Kotabaru, (Antaranews Kalsel) - Dewan Perwakilan Rakyat Daerah (DPRD) Kabupaten Kotabaru, Kalimantan Selatan, menggelar rapat dengar pendapat tentang upaya penyelesaian sengketa tapal batas dengan Tanah Grogot, Kabupaten Paser, Kalimantan Timur.
Ketua Komisi I DPRD Kotabaru Edriansyah di Kotabaru, Minggu, mengatakan bahwa pembahasan yang melibatkan sejumlah pihak tersebut sekaligus mematangkan rencana pemekaran kecamatan di Pamukan.

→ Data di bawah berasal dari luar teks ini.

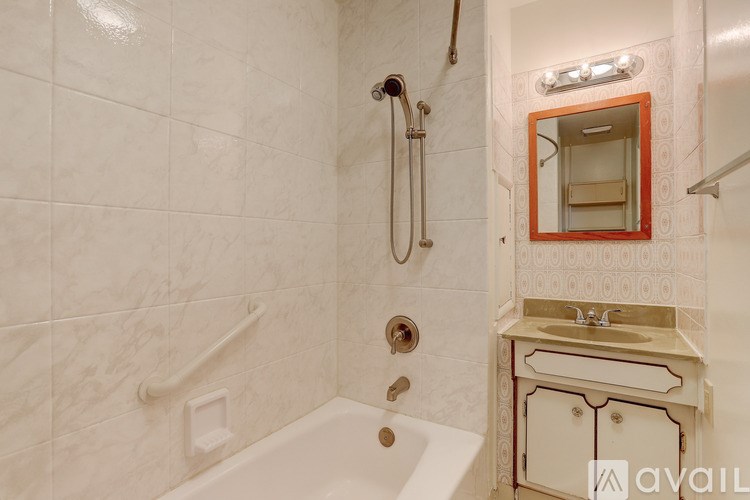 A bathroom with a white tub and a sink with a red mirror.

Menyangkut pemekaran kecamatan, kata dia, melibatkan tiga wilayah, yakni Kecamatan Pamukan Selatan, Pamukan Barat, dan Pamukan Utara.
Namun, khusus di Kecamatan Pamukan Selatan, lanjut Edriansyah, masih harus dituntaskan adanya sengketa tapal batas dengan Kabupaten Paser, Kaltim.

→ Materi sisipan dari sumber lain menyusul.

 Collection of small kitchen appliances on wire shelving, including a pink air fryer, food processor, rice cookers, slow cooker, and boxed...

Melalui forum tersebut, dia berharap menghasilkan rumusan sebagai upaya menyelesaikan masalah sengketa tapal batas dengan provinsi tetangga.
Selain bisa menyegerakan pemekaran, menurut Edriansyah, yang terpenting memberikan ketenangan bagi masyarakat sehingga mereka bisa bekerja dengan tenang di lahan dan perkebunan miliknya.
Hadir dalam forum tersebut, antara lain, Bagian Pemerintahan Sekteratiat Daerah Kotabaru, Beppeda, Dinas Cipta Karya dan Tata Ruang, Dinas Perkebunan, Dinas Tranmigrasi, Dinas Pertanahan dan Tata Ruang, camat, Kepala Desa Sasulung, dan Kades Pondok Labu.
Sebelumnya, DPRD Kabupaten Kotabaru melakukan rapat konsultasi dengan Badan Arbitrase Nasional terkait dengan usaha penyelesaian sengketa tapal batas dengan Tanah Grogot, Kabupaten Paser, Kalimantan Timur.
Wakil Ketua DPRD Kabupaten Kotabaru M. Arif mengatakan bahwa perselisihan terkait tapal batas antara Kotabaru dan Kabupaten Paser sudah lama sehingga perlu dituntaskan agar tidak menimbulkan polemik dan permasalahan yang berlarut-larut.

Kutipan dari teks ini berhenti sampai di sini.